* _Data for this task_
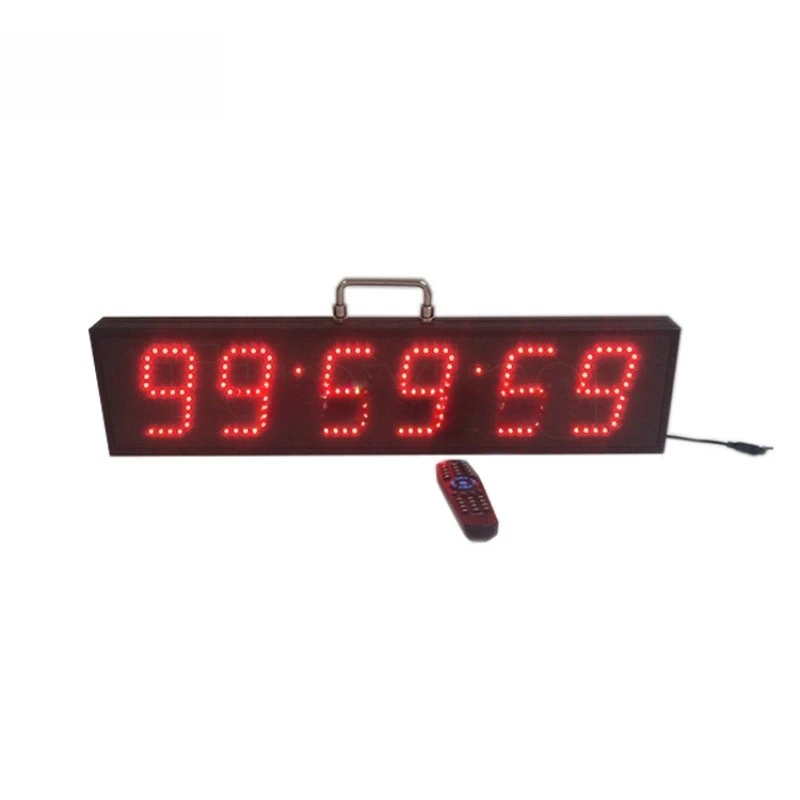 

4-Inch LED digital positive countdown timer, special timing for outdoor waterproof running competitions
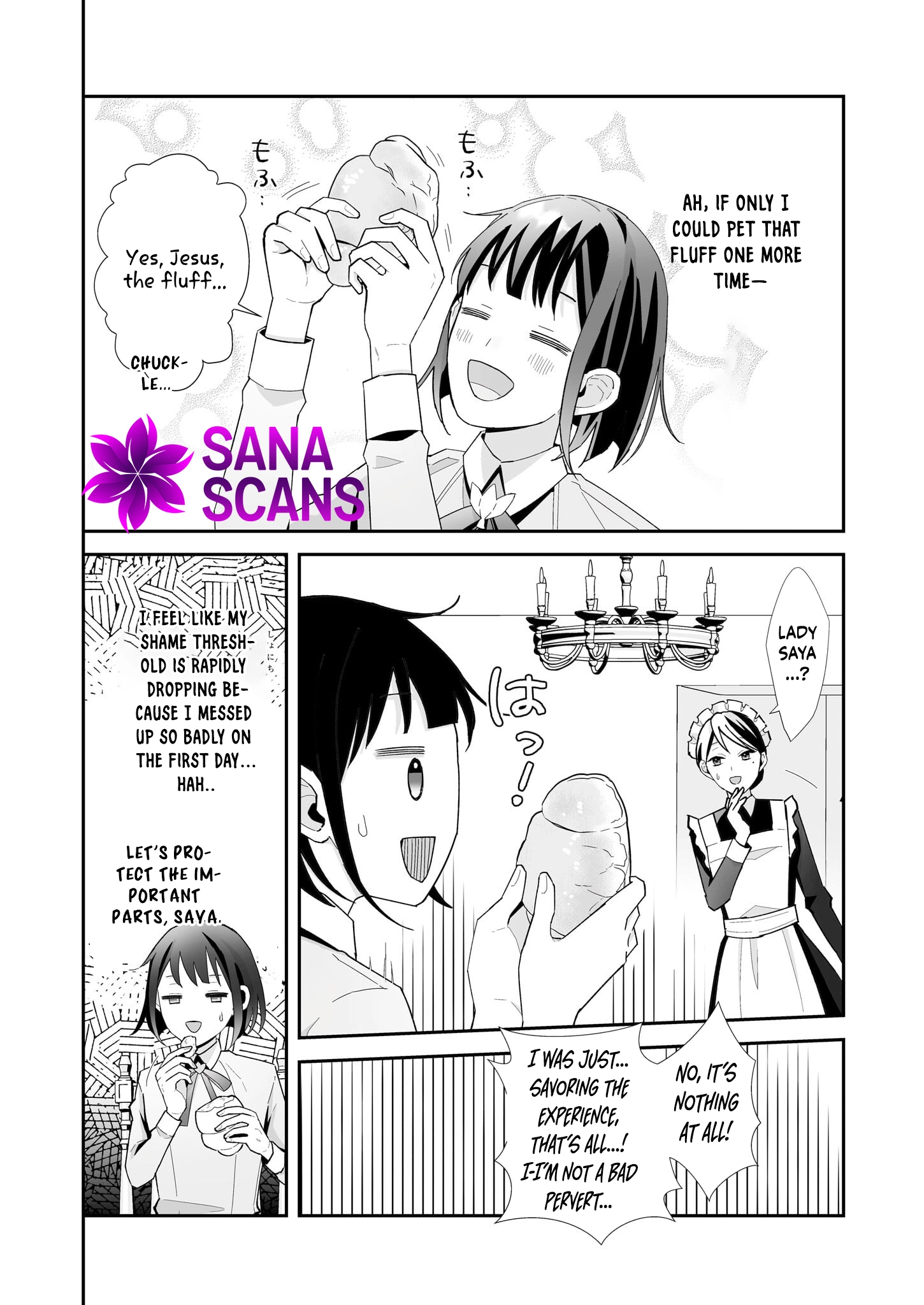 Tired Thirty-Something Caring for Fluffy Dragons in Another World Chapter 3 - . Page 4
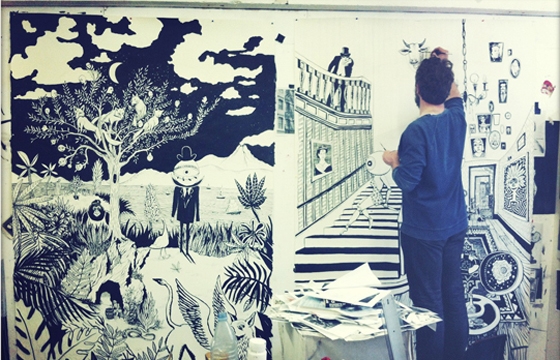 Illustrations by Le Gun
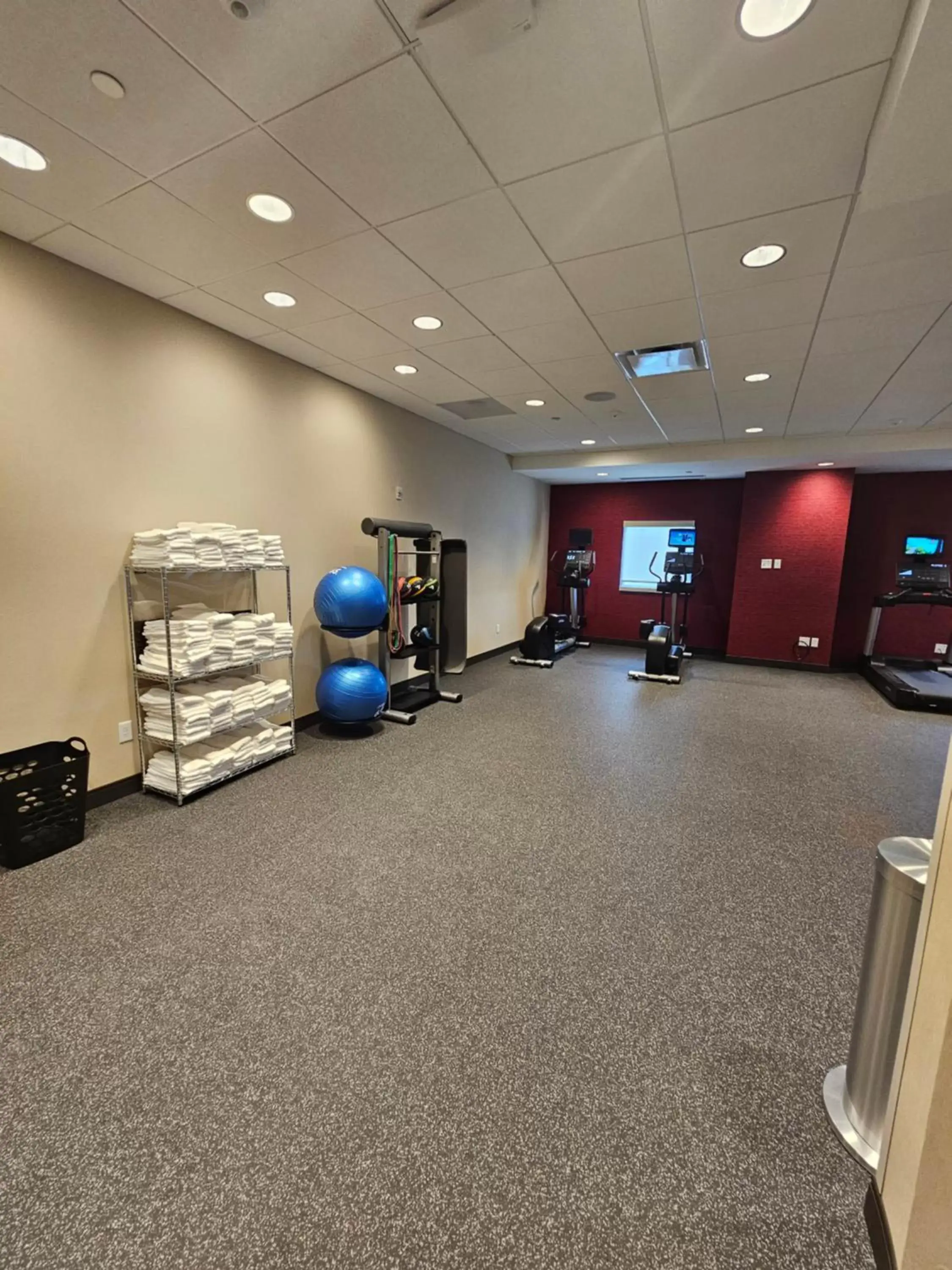 Fitness centre/facilities, Fitness Center/Facilities in Home2 Suites By Hilton Allentown Bethlehem Airport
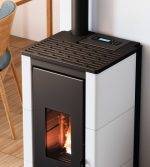 Cadel pellet stove series Cristal 7kW - Image 2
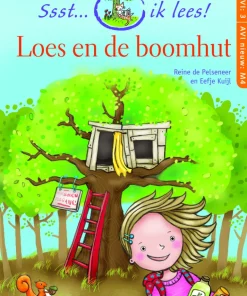 Ssst... Je lis! - Loes et la maison arboricole. livre NL AVI 3
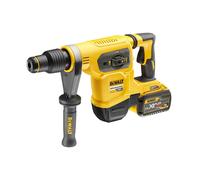 DeWALT - Martillo combinado AKU 54V SDS Max, 2x batería 9,0 Ah FLEXVOLT, cargador DCH481X2
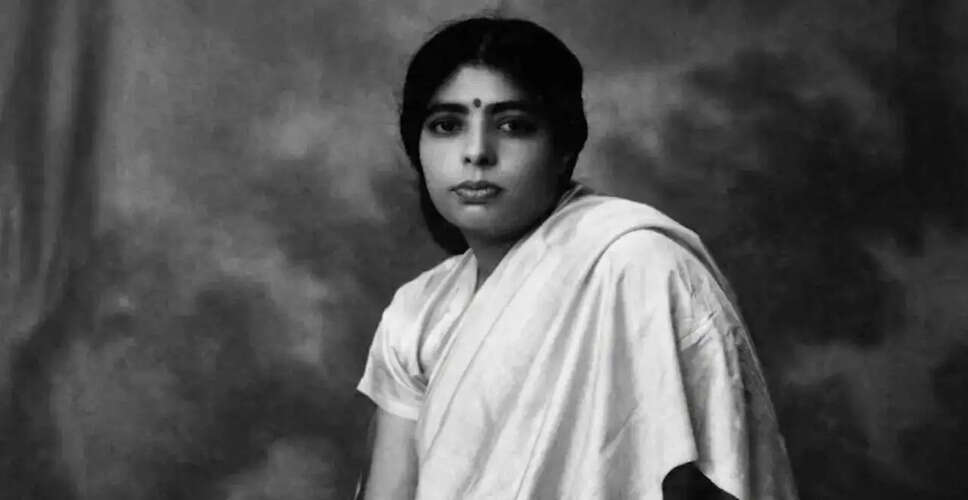The Unsung Legacy of Edavalath Kakkat Janaki Ammal: A Pioneer in Sugarcane Research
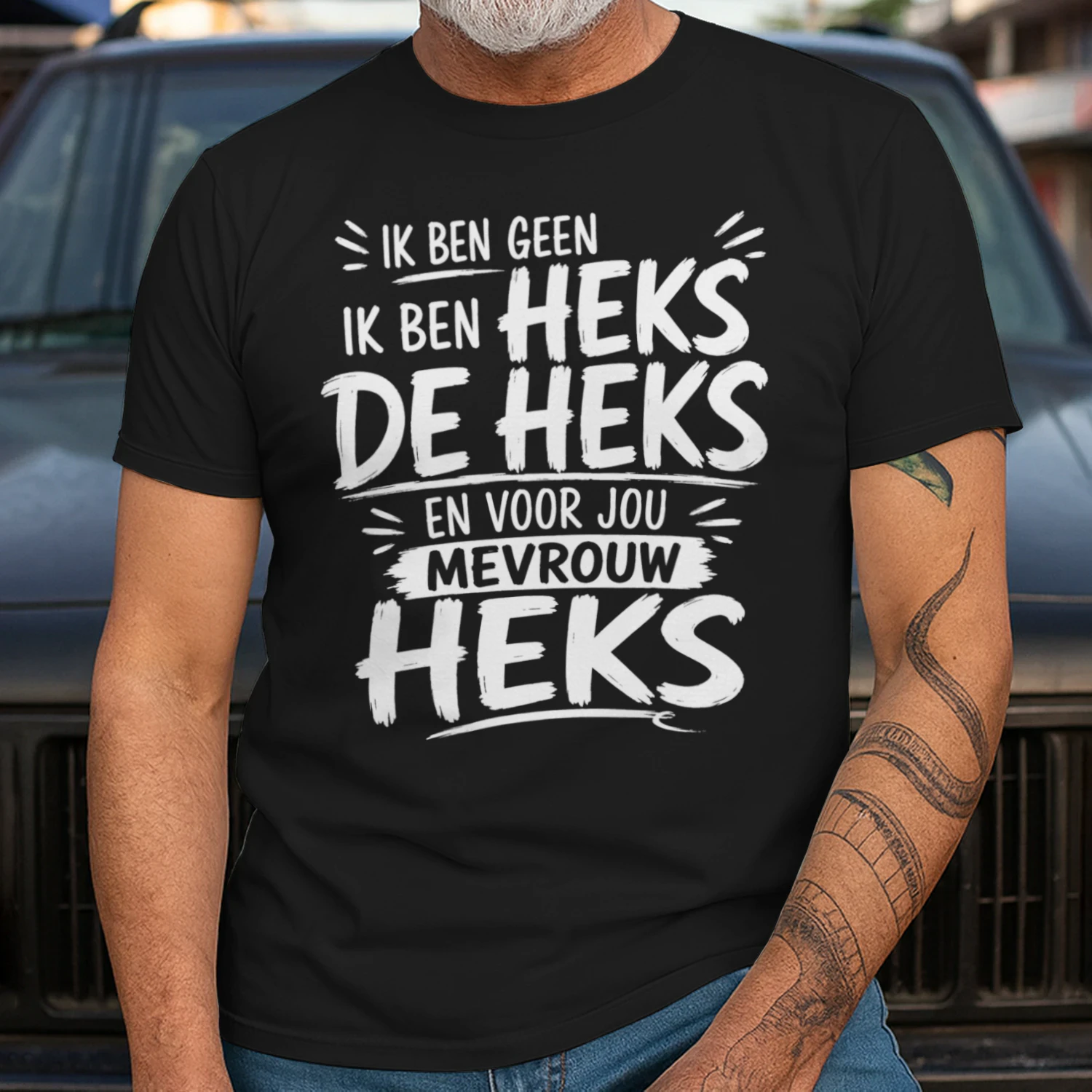Ik Ben Geen Heks – Mevrouw Heks | Grappig Dames T-Shirt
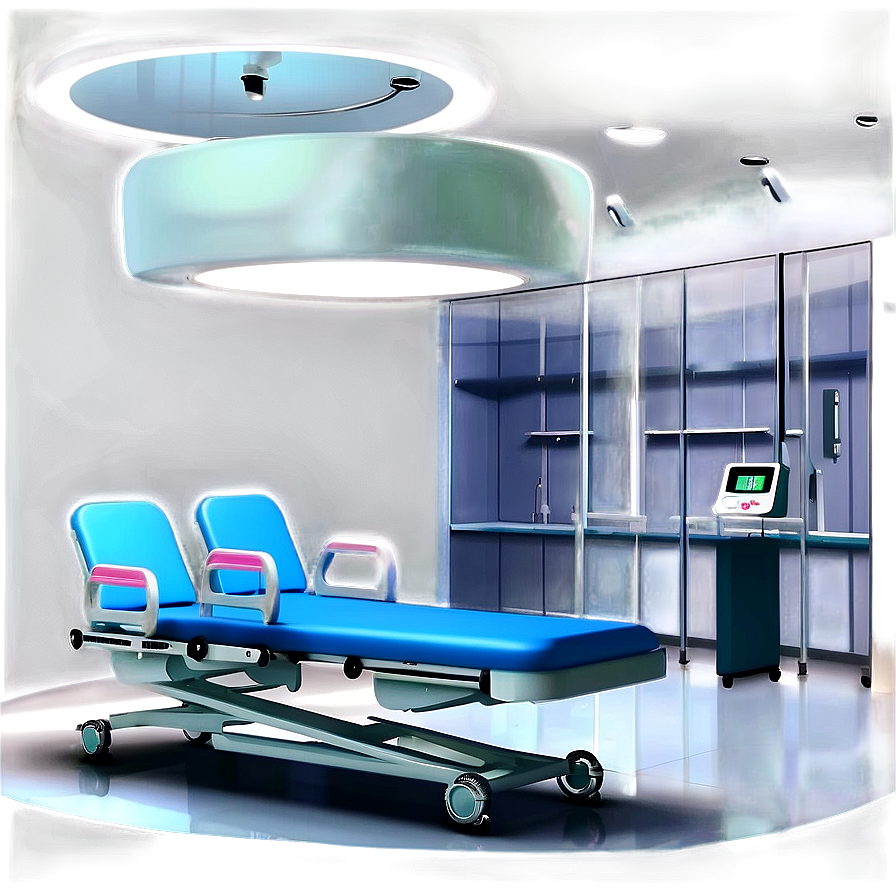 Hospital Consultation Room Png 05242024 PNG image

* _Task to complete_
Write out the data exactly, but not its pictures.

* _Task solution_
4-Inch LED digital positive countdown timer, special timing for outdoor waterproof running competitions
 Tired Thirty-Something Caring for Fluffy Dragons in Another World Chapter 3 - . Page 4
 Illustrations by Le Gun
 Fitness centre/facilities, Fitness Center/Facilities in Home2 Suites By Hilton Allentown Bethlehem Airport
 Cadel pellet stove series Cristal 7kW - Image 2
 Ssst... Je lis! - Loes et la maison arboricole. livre NL AVI 3
 DeWALT - Martillo combinado AKU 54V SDS Max, 2x batería 9,0 Ah FLEXVOLT, cargador DCH481X2
The Unsung Legacy of Edavalath Kakkat Janaki Ammal: A Pioneer in Sugarcane Research
Ik Ben Geen Heks – Mevrouw Heks | Grappig Dames T-Shirt
 Hospital Consultation Room Png 05242024 PNG image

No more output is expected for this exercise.